TASK DETAILS: Nothing but the lines from the one including "NS [BS COD]" through the last line of the entries, restated exactly, should appear in the answer; omit the pictures.

INFORMATION SUPPLIED:

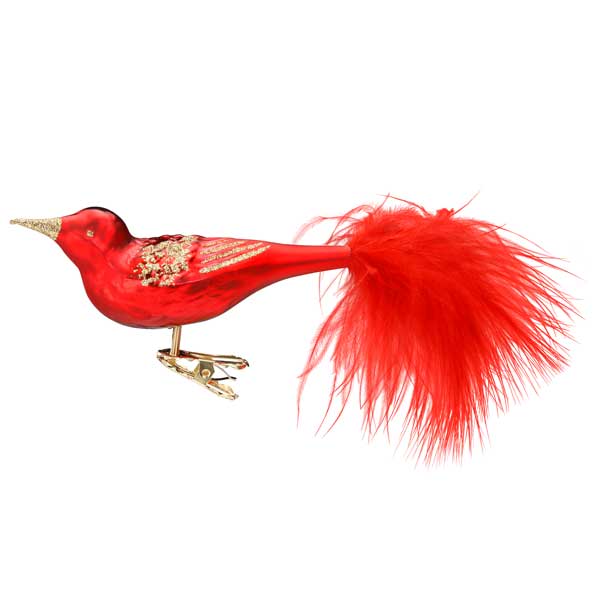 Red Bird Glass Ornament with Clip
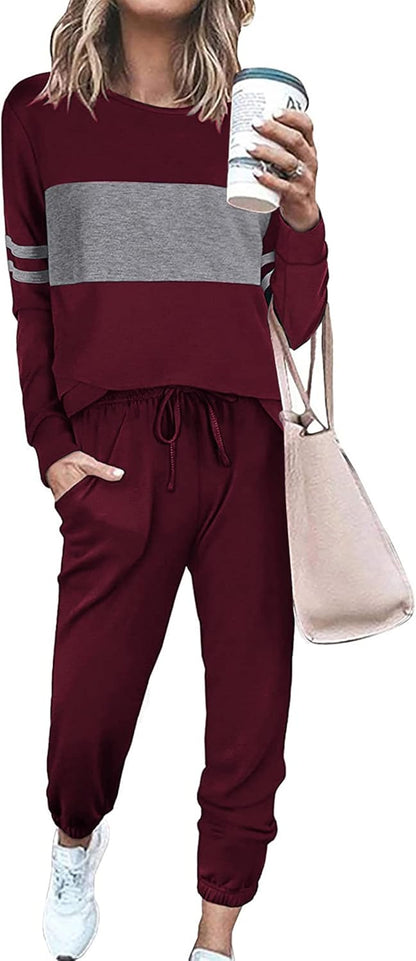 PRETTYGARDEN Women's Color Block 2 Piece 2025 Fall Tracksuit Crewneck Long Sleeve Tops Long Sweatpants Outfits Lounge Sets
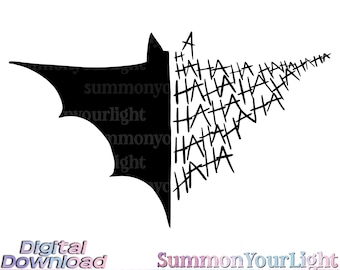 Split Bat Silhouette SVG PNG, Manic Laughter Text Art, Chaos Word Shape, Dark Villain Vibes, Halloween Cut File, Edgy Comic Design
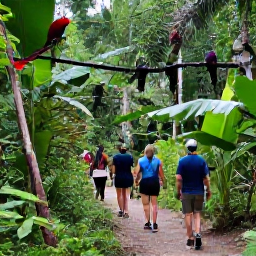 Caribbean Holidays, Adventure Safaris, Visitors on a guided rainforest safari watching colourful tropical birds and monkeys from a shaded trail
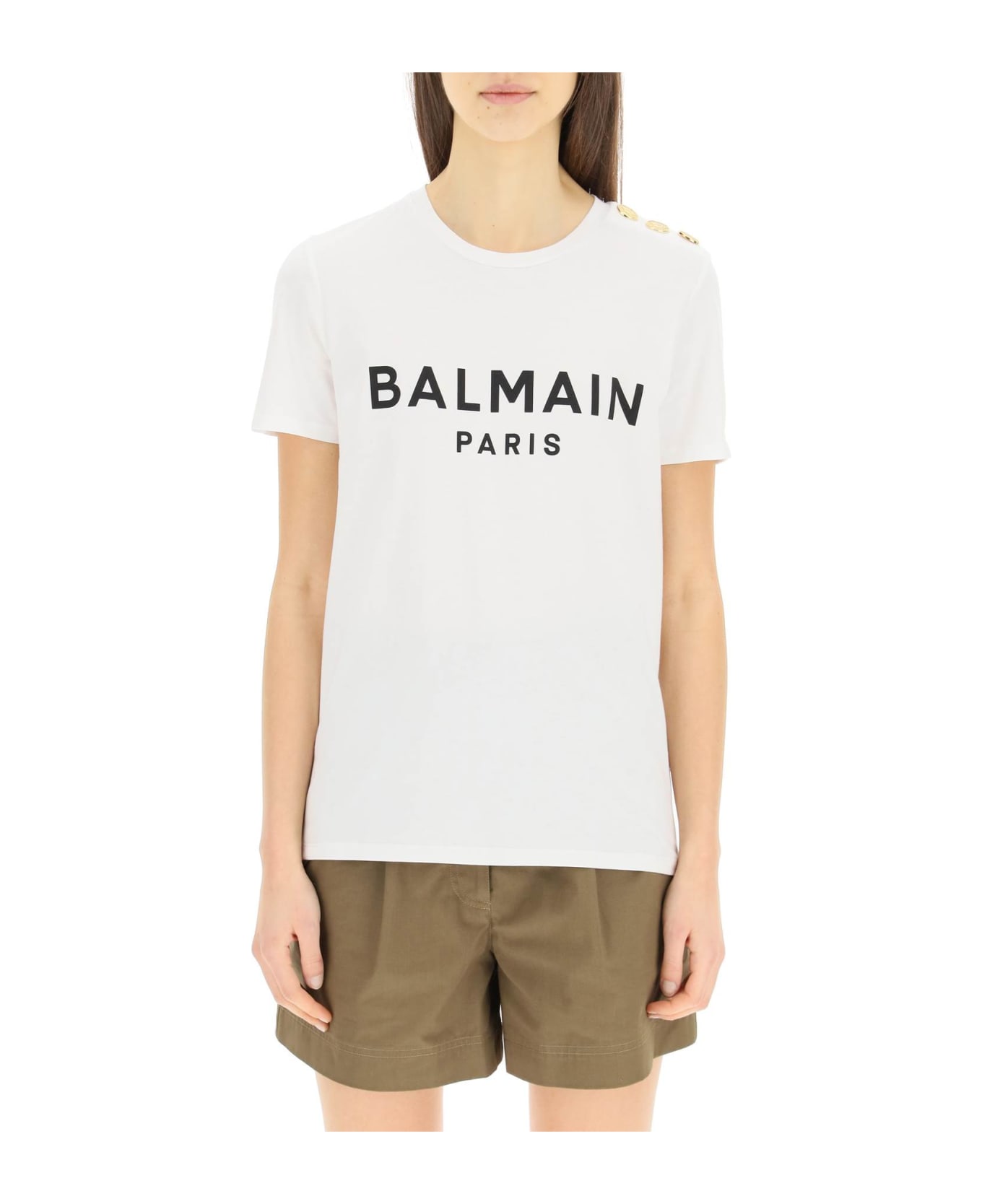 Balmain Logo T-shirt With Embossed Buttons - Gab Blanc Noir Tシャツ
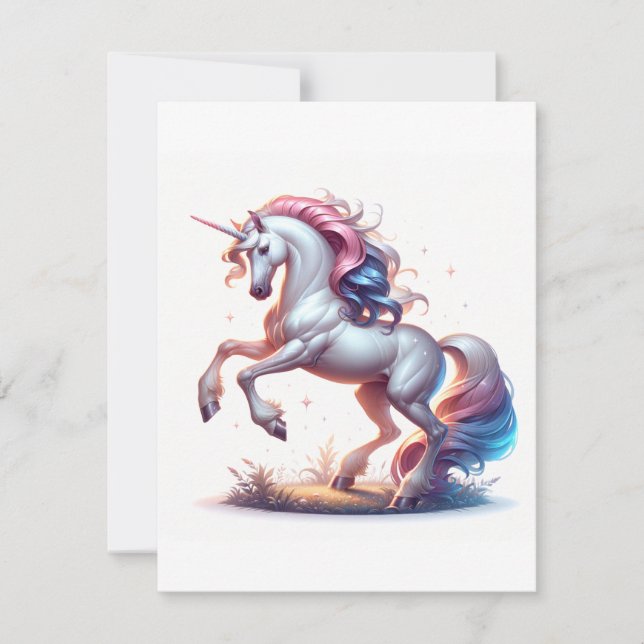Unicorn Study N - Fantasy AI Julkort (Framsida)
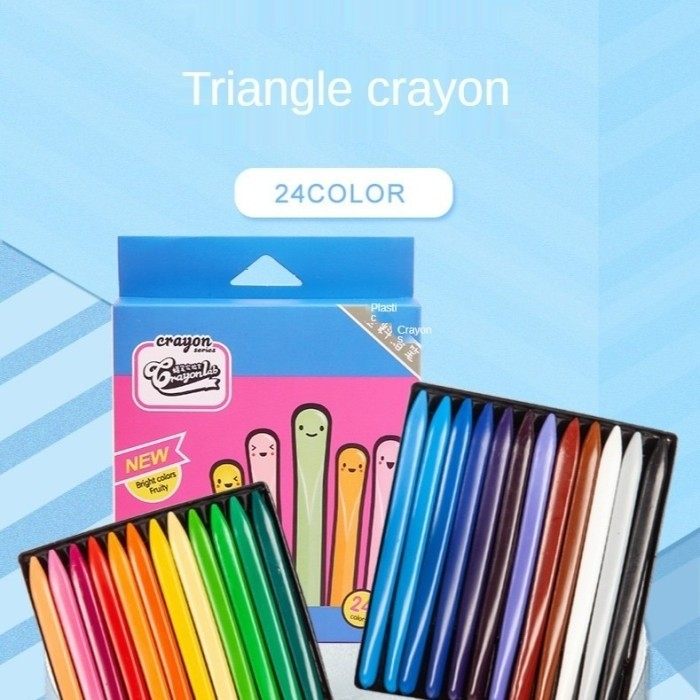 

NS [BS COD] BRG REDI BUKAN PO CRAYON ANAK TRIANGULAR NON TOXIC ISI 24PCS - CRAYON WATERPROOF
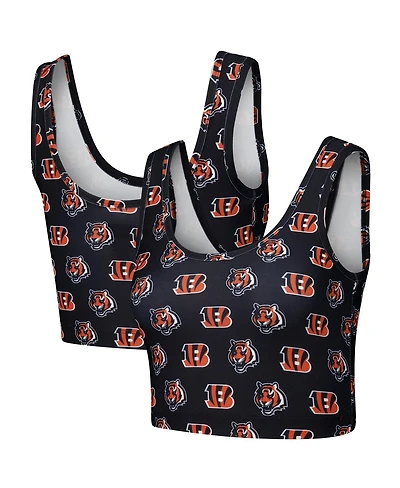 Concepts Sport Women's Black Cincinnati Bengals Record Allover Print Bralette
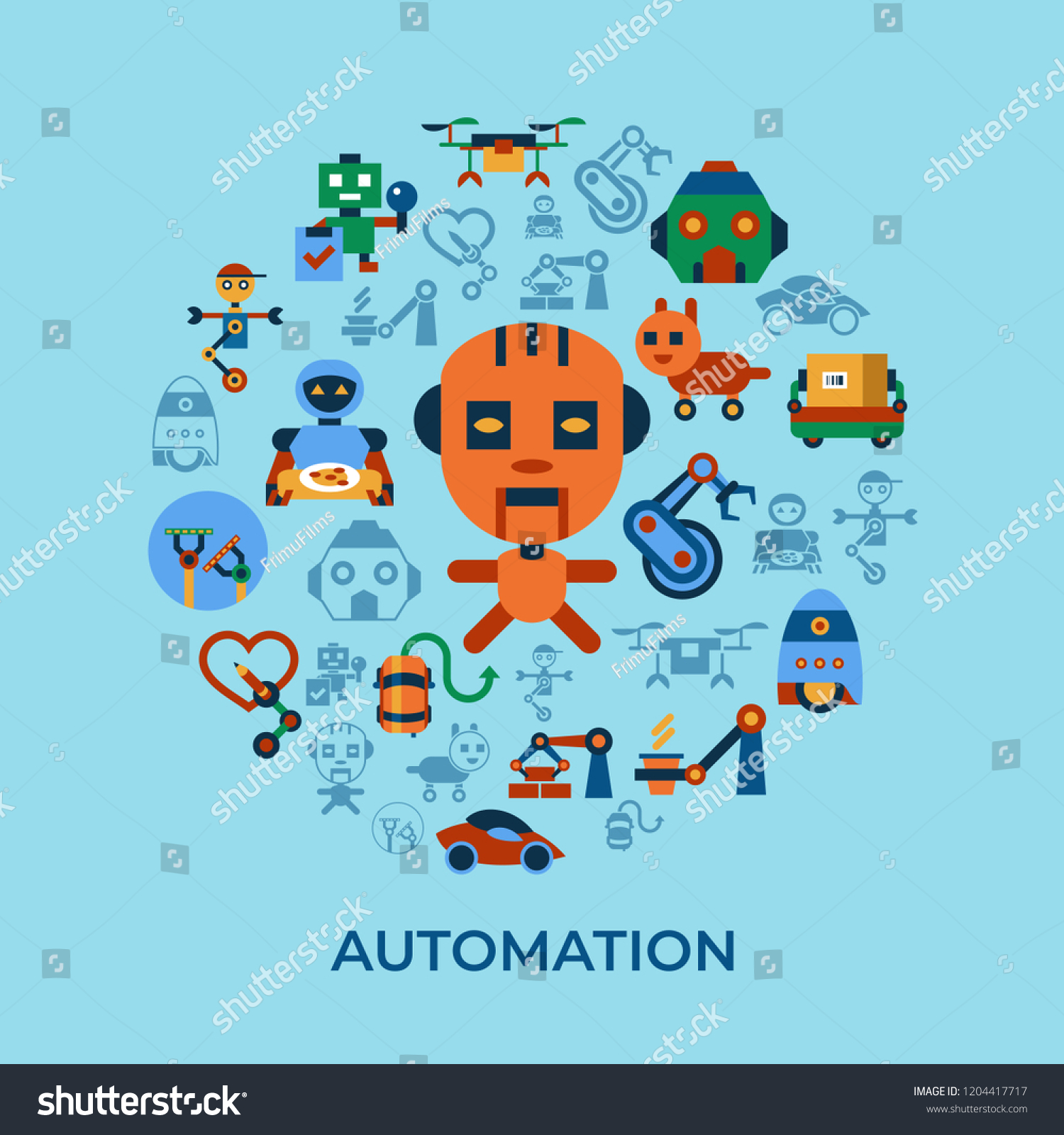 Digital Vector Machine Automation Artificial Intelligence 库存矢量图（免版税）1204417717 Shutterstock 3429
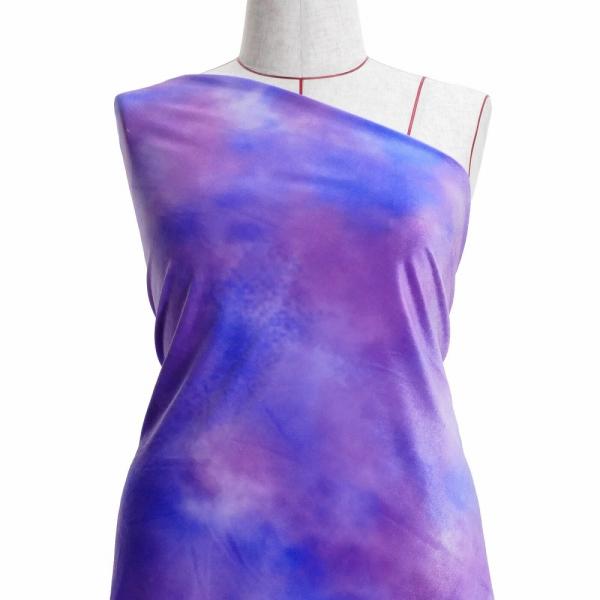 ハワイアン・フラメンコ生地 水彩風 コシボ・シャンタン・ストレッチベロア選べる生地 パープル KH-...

RESPONSE TO THE TASK:
NS [BS COD] BRG REDI BUKAN PO CRAYON ANAK TRIANGULAR NON TOXIC ISI 24PCS - CRAYON WATERPROOF
 Concepts Sport Women's Black Cincinnati Bengals Record Allover Print Bralette
 Digital Vector Machine Automation Artificial Intelligence 库存矢量图（免版税）1204417717 Shutterstock 3429
 ハワイアン・フラメンコ生地 水彩風 コシボ・シャンタン・ストレッチベロア選べる生地 パープル KH-...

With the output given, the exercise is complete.